*Work task*.
Exact copies of the records below are needed, free of pictures.
Material provided Start Marker
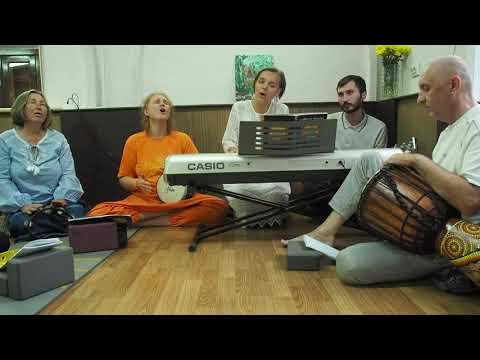 Видео: Прабхат Самгит №152 ЧОМПОКО БОНЕ МОДХУРО ШВОПОНЕ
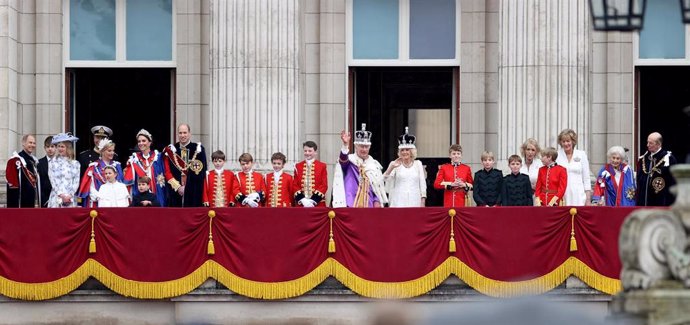La familia real británica desde el balcón del palacio de Buckingham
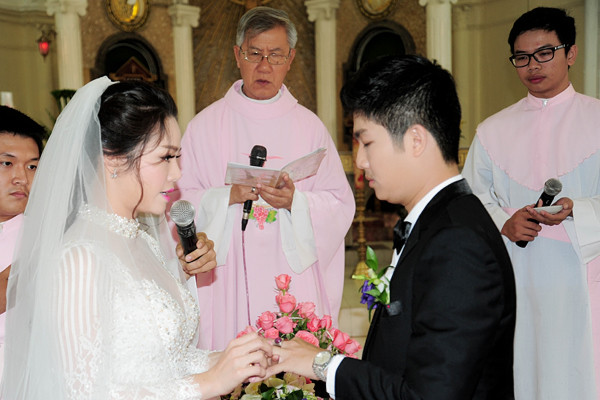 Khoảnh khắc đôi uyên ương trao lời thề nguyện trong lễ cưới Công giáo
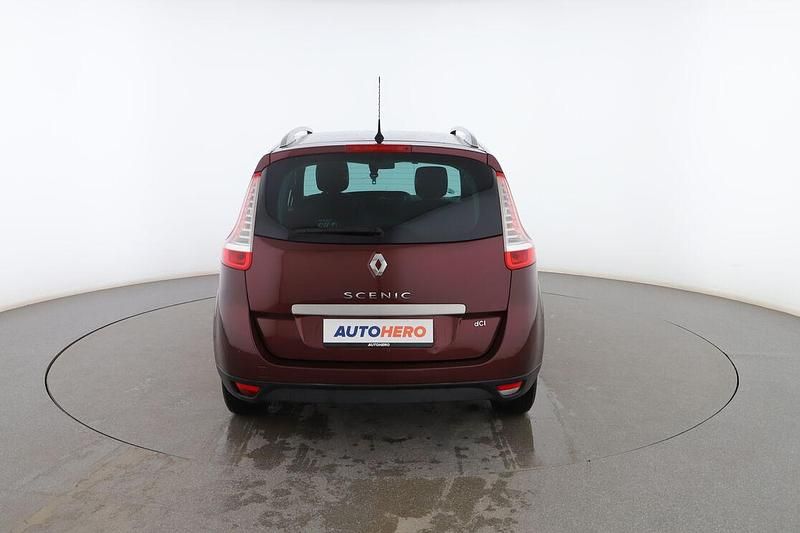 Usado Renault Grand Scénic IV LIMITED 130 CV (95 kW) 2016 Rojo Monovolumen
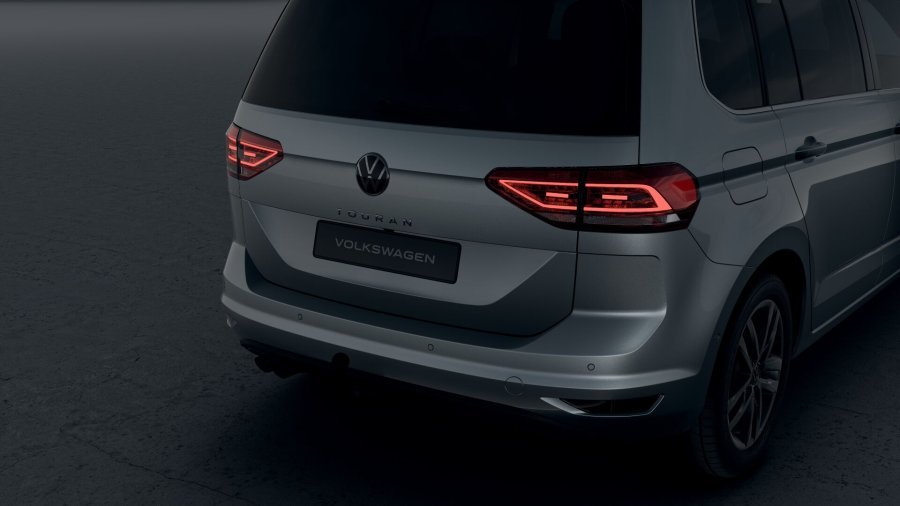 Volkswagen Touran, Touran People 2,0 TDI 7DSG EVO, barva stříbrná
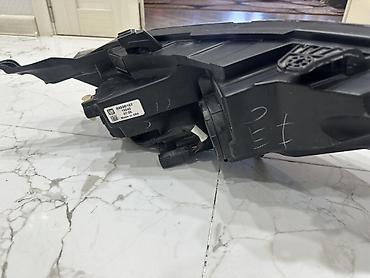 Ehtiyat hissələri: Sol, Yaxın və uzaq vuran işıqlar Universal auto, 2019 il, Orijinal, ABŞ, İşlənmiş — 2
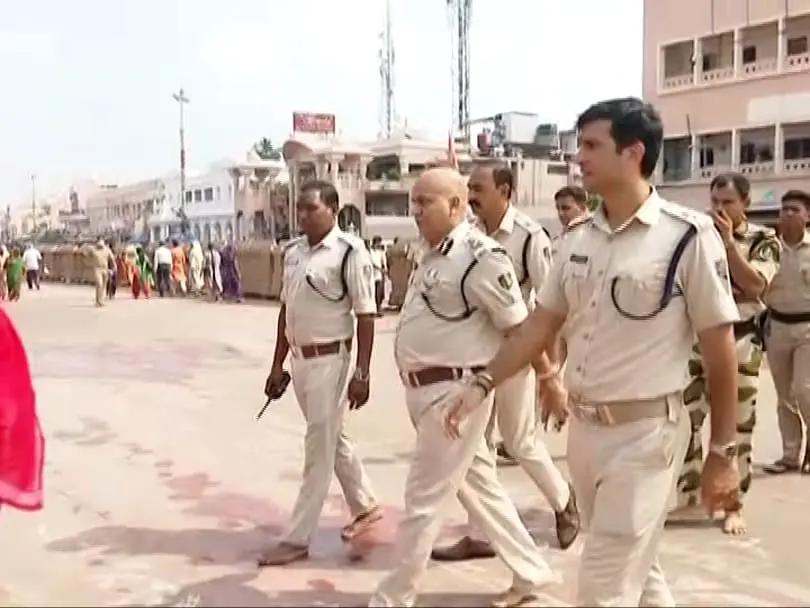 ADG Reviews Security Arrangements At Puri Jagannath Temple Amid Surge In Devotees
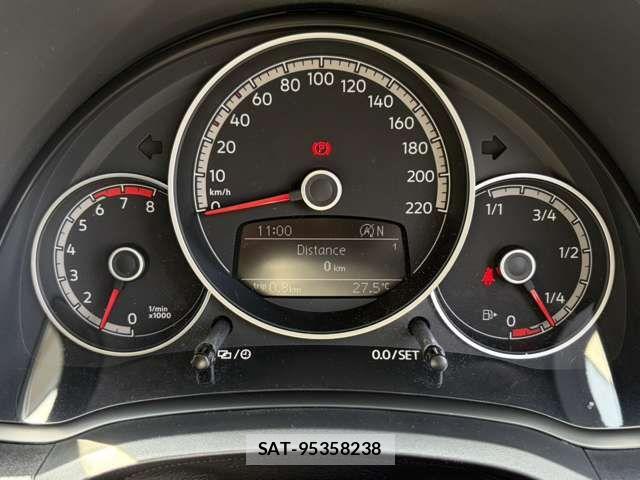 VolksWagen UP! 2018-03 6753927-4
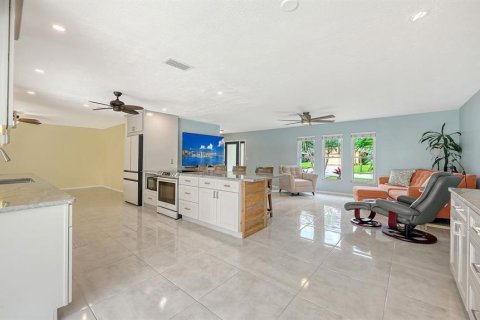 Villa ou maison à vendre à Sarasota, Floride: 3 chambres, 169.27 m2 № 2427195 - photo 20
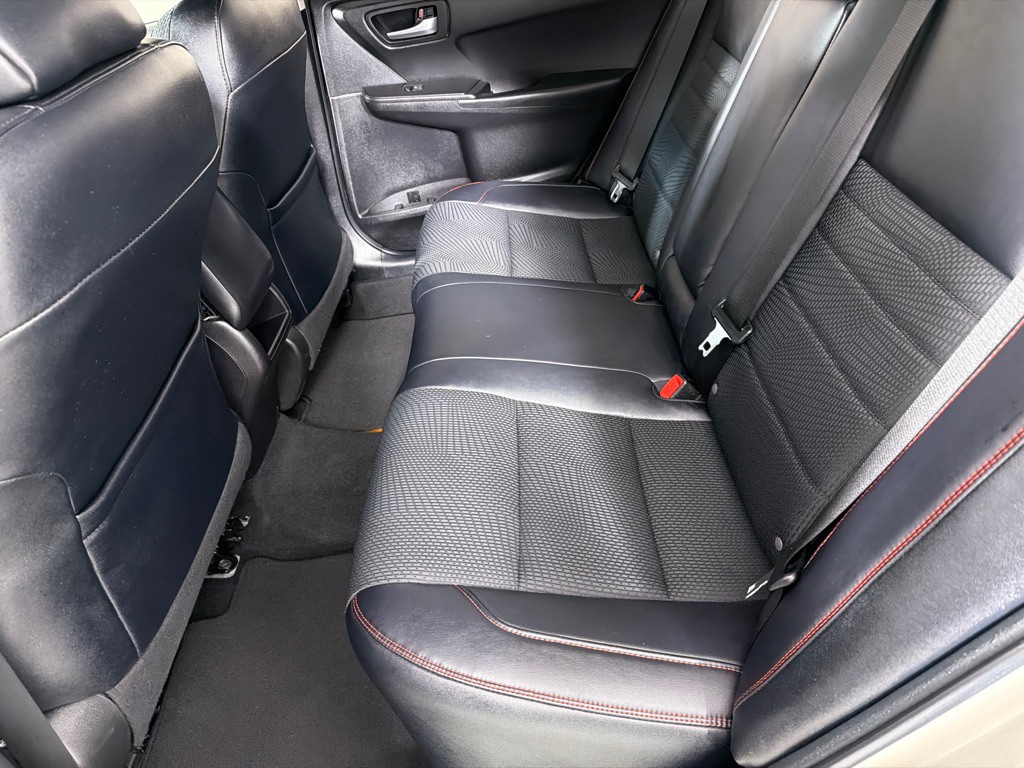 2016 Toyota Camry Image 18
Material provided End Marker
*Task response*.
 Видео: Прабхат Самгит №152 ЧОМПОКО БОНЕ МОДХУРО ШВОПОНЕ
La familia real británica desde el balcón del palacio de Buckingham
 Khoảnh khắc đôi uyên ương trao lời thề nguyện trong lễ cưới Công giáo
 Usado Renault Grand Scénic IV LIMITED 130 CV (95 kW) 2016 Rojo Monovolumen
 Volkswagen Touran, Touran People 2,0 TDI 7DSG EVO, barva stříbrná
 Ehtiyat hissələri: Sol, Yaxın və uzaq vuran işıqlar Universal auto, 2019 il, Orijinal, ABŞ, İşlənmiş — 2
 ADG Reviews Security Arrangements At Puri Jagannath Temple Amid Surge In Devotees
 VolksWagen UP! 2018-03 6753927-4
 Villa ou maison à vendre à Sarasota, Floride: 3 chambres, 169.27 m2 № 2427195 - photo 20
 2016 Toyota Camry Image 18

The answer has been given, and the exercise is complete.